Foto: BARTLOMIEJ ZBOROWSKI/dpa/picture alliance
"Pokerface" em Pequim
Esta capa já é bem mais sóbria: Merkel com um olhar penetrante e o rosto impassível. "Pokerface" (cara de paisagem) é a manchete desta revista chinesa de dezembro de 2011, que sugere um certo respeito pela chefe de governo. Ela foi publicada pouco antes da visita de Merkel à China, onde ela discutiu o papel de Pequim na estabilização da zona do euro com o premiê Wen Jiabao.
Foto: Adrian Bradshaw/dpa/picture alliance
Merkel, a exterminadora
Merkel não se livrará tão cedo da imagem de toda-poderosa. Em junho de 2012, a revista política britânica "New Statesman" a retratou como a perigosa máquina assassina do filme "O exterminador do futuro", com Arnold Schwarzenegger. De acordo com a revista, Merkel seria a líder alemã mais ameaçadora desde Adolf Hitler, ainda mais perigosa que governantes como o norte-coreano Kim Jong-Un.
Foto: dpa/picture alliance
Madre Teresa alemã
Em 2015, a imagem de Angela Merkel mudou abruptamente. Depois que a Hungria se recusou a acolher refugiados da guerra na Síria e diante da ameaça de uma catástrofe humanitária, Merkel abriu as portas para os migrantes. Sua frase "Nós vamos conseguir!" entrou para a história e deu grande popularidade a Merkel, especialmente no exterior. A revista "Der Spiegel" a chamou de "Mãe Angela".
Foto: SPIEGEL
Se ao menos ela fosse francesa...
A imagem ruim de Angela Merkel dos tempos da crise do euro já é coisa do passado. No exterior, ela agora é celebrada por sua humanidade, o que a distingue de outros políticos. Em 2015, a revista francesa "Le Point" publicou o título: "A incrível madame Merkel. Se ao menos ela fosse francesa...", atestando sua transformação de madame "rígida" para uma madame "generosa".
Foto: Le Point
Chanceler em um mundo livre
No mesmo ano, a revista "Time" elegeu Angela Merkel "Personalidade do Ano" e a elogiou como "chanceler federal do mundo livre". Segundo a revista, Merkel usa sua misericórdia como arma. Com a pintura publicada na capa, o artista Colin Davidson, da Irlanda do Norte, quis capturar "um pouco da compaixão e humanidade da chanceler federal".

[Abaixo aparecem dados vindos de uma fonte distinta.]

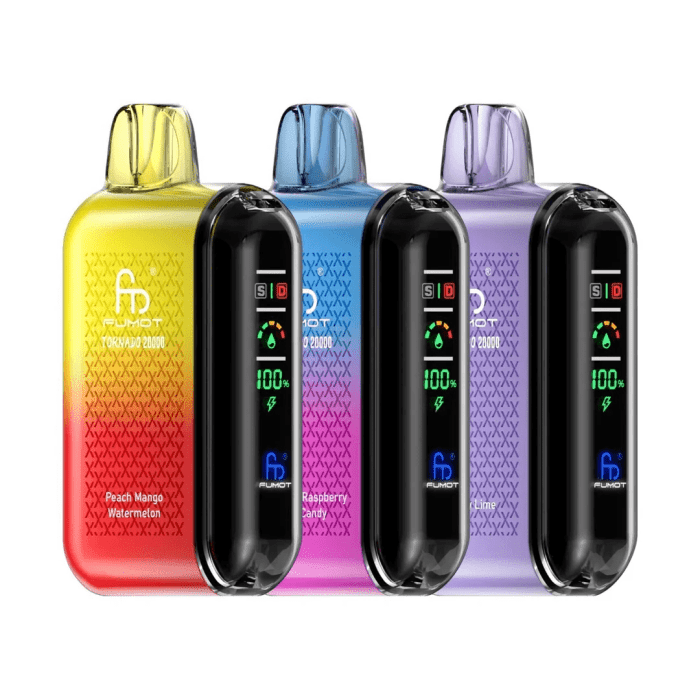 Close-up view of RandM Tornado 20000 disposable vapes in Peach Mango Watermelon, Raspberry Candy, Blue Razz, and Grape Lime flavors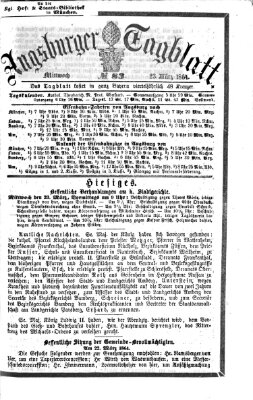 Augsburger Tagblatt Mittwoch 23. März 1864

Foto: picture-alliance/AP Photo/Time Magazine
Visão polonesa inalterada
Compaixão e bondade continuam não sendo atributos conferidos a Angela Merkel na Polônia. A revista semanal "Wprost" teve a manchete "Eles querem voltar a controlar a Polônia", e mais uma vez fez uma comparação com Hitler. A foto de Merkel rodeada por importantes representantes da União Europeia alude a uma foto histórica de Hitler com seus asseclas.
Foto: Maciej Chmiel/dpa/picture alliance
Merkel, a "pirata jamaicana"
A União Democrata Cristã (CDU), partido de Angela Merkel, sofreu pesadas perdas nas eleições federais de 2017, devido à forma como ela conduziu a crise dos refugiados. Na busca por parceiros no governo, a CDU/CSU sondou o Partido Liberal Democrata e os verdes. As cores dos partidos lembram a bandeira da Jamaica, por isso se falou em "Coalizão Jamaica", e a imprensa alemã se deliciou com o tema.
Foto: John MacDougall/AFP/Getty Images
O fim de uma era
Após 16 anos no governo, ela resolveu se aposentar. Na mídia e em livros, lê-se agora com frequência sobre o "fim de uma era". Como na biografia de Merkel escrita por Ursula Weidenfeld, "Die Kanzlerin - Porträt einer Epoche" (A chanceler federal - Retrato de uma época, em tradução livre). O que virá depois de Angela Merkel será decidido nas eleições legislativas alemãs de 26 de setembro.